Он упал на колени. Все запоздало вспомнили, насколько Светлому тяжело стоять после «вето». Условия выполнены, правда прозвучала, но «вето» продолжало пить Силу, утаскивать Фазуллаха в сумеречную кому.
– Джалим-хоса, ты пройдешь от Хорезма до государства Цзинь… Проверишь все племена, которые пьют молоко кобылы, и найдешь ребенка. – Он не просил, не приказывал. Фазуллах будто вещал истину: то, что обязательно свершится. – Затем… – Светлый начал заваливаться набок, – делайте так, как решено. Это слово всего Совета.
Фазуллах распластался на полу безвольной тряпицей. Я посмотрел на него через Сумрак и едва не вскрикнул. Душа Светлого, его сумеречная оболочка, была сплошной черной дырой.
Но он дышал. Вроде бы.
2
– Темуджин… Что мы скажем твоему отцу? Что скажет твоя мать Оэлун?
Всю дорогу от реки старая служанка охала и причитала. Мальчика хватились, только когда солнце начало клониться к закату.

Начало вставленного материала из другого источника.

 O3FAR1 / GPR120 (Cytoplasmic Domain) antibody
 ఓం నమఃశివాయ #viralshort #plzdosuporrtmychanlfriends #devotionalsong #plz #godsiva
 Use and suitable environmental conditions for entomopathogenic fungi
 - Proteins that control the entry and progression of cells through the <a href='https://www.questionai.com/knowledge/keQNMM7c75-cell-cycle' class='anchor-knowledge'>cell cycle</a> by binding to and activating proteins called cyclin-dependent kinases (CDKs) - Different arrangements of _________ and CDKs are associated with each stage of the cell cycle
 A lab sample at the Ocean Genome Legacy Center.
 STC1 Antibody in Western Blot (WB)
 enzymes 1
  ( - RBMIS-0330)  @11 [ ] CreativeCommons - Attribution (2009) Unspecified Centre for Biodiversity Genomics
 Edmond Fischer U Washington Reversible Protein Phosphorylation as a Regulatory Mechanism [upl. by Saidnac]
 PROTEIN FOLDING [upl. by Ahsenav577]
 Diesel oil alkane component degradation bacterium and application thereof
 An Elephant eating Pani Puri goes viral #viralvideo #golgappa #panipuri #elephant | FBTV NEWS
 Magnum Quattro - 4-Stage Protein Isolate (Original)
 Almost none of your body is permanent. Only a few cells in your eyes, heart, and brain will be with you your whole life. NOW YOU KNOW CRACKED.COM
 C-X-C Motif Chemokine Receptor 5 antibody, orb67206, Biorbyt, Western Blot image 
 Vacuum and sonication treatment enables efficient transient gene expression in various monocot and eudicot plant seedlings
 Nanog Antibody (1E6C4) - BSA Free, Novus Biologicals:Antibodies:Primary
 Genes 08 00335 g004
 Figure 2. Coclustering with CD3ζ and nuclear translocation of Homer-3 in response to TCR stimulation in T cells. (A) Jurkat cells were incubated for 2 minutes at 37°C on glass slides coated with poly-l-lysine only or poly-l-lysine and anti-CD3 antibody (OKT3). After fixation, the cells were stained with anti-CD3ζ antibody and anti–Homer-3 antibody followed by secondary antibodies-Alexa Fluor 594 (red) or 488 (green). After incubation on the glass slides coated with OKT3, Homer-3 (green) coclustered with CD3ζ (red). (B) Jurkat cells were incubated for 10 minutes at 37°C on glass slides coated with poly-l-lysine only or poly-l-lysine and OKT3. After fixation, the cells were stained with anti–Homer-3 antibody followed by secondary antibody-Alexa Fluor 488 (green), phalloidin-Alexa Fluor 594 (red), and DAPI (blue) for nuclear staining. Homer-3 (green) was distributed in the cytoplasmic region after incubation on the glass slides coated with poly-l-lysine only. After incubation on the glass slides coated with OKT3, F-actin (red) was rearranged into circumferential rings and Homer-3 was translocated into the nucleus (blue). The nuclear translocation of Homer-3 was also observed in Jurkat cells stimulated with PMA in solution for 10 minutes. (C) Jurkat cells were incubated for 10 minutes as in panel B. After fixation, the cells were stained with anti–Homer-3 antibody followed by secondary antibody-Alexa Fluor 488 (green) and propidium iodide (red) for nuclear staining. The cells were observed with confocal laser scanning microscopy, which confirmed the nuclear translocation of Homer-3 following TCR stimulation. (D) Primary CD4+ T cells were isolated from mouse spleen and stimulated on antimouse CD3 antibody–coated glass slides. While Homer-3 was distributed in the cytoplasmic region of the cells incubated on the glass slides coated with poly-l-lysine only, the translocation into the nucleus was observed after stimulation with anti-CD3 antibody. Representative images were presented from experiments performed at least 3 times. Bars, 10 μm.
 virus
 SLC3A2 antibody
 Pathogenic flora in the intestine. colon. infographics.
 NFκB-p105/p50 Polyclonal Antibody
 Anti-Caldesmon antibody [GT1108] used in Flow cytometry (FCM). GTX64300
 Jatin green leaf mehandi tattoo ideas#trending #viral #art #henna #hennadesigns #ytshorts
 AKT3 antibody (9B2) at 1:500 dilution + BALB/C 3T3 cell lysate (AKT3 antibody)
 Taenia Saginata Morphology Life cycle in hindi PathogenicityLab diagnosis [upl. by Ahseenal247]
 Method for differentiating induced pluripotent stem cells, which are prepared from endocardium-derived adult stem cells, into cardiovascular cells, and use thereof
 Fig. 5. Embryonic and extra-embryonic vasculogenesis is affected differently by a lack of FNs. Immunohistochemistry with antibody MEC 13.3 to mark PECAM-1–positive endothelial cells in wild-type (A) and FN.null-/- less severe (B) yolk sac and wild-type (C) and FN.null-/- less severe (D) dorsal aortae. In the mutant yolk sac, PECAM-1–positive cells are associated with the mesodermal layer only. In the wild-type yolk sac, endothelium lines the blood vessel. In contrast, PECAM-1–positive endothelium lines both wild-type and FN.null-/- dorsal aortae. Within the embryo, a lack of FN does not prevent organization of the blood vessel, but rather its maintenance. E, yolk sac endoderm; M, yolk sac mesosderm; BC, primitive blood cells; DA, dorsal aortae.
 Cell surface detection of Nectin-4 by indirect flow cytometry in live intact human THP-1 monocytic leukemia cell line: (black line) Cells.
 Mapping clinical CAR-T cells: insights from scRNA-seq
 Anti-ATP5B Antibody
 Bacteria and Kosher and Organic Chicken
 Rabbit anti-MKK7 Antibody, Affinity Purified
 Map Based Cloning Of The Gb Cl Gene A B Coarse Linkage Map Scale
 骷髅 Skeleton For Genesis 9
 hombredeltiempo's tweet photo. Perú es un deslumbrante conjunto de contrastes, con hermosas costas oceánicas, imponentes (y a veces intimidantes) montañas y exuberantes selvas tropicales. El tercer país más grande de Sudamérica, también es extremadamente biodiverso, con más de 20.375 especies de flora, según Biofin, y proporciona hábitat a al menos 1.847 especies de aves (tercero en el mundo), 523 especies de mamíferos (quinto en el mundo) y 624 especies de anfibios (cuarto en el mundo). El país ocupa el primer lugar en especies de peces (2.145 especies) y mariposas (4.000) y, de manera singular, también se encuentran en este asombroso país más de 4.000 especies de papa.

– Сын вождя монголов не должен прибавлять седых волос родителям! – не умолкала женщина. Темуджин молча тащился следом за ней. Отец был справедлив и никогда не наказывал его за долгие прогулки. Но в этот раз Темуджин чувствовал, что простым замечанием не обойдется. Старшему сыну вождя не пристало бегать от сватовства.
– Сугар! – тихо позвал он, остановившись.
Служанка обернулась.
– Я видел тени на воде… Всадники-воины мчались не разбирая дороги…
Темуджин прикрыл глаза и не заметил, как вытянулось лицо старой Сугар.
– Их гнал страх! Я водил рукой по воде, вот так, – мальчик погладил рукой воздух, – и они кричали. А потом под ними тень расступилась… Я топил одного за другим, пока все всадники не исчезли. Сугар, ты мудра, скажи, что значит мое видение?
Солнечный свет вдруг поблек: из-за горы Бурхан выползало большое темное облако. Ливни приносили в степные края жизнь, заставляя жухлую траву зеленеть и давать новые побеги. Монголы радовались дождям, считая их благосклонностью Отца Неба, хотя память стариков хранила недобрые годы, когда солнце совсем не выходило из-за туч. Темуджин плотнее запахнул халат, вглядываясь в темнеющее небо и не замечая пристального взгляда служанки.